→ Problem requirements: An exact copy of all the lines below is required, with every image left out.

→ Data:
◆ ◆ ◆
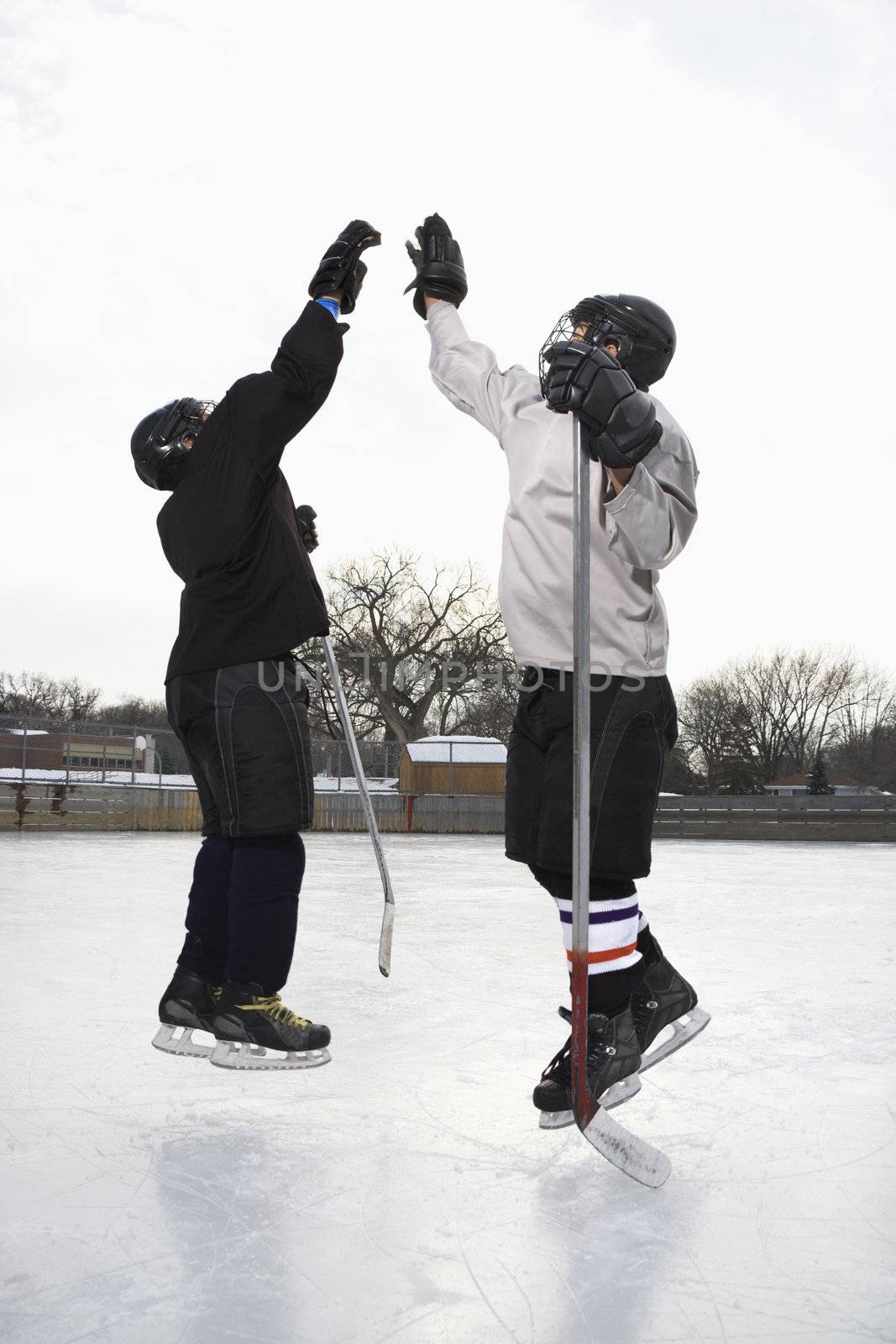 Hockey players high fiving. by iofoto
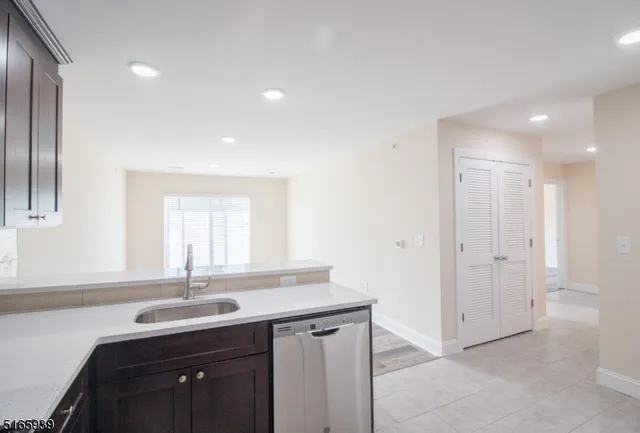 a kitchen with a sink and a stove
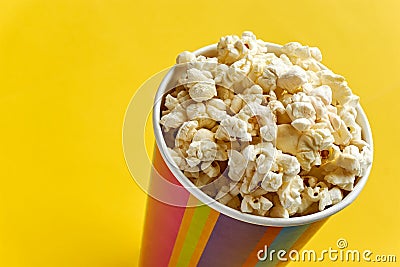 Popcorn in papercup against yellow background Stock Photo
◆ ◆ ◆
→ Written response:
 Hockey players high fiving. by iofoto
 a kitchen with a sink and a stove
 Popcorn in papercup against yellow background Stock Photo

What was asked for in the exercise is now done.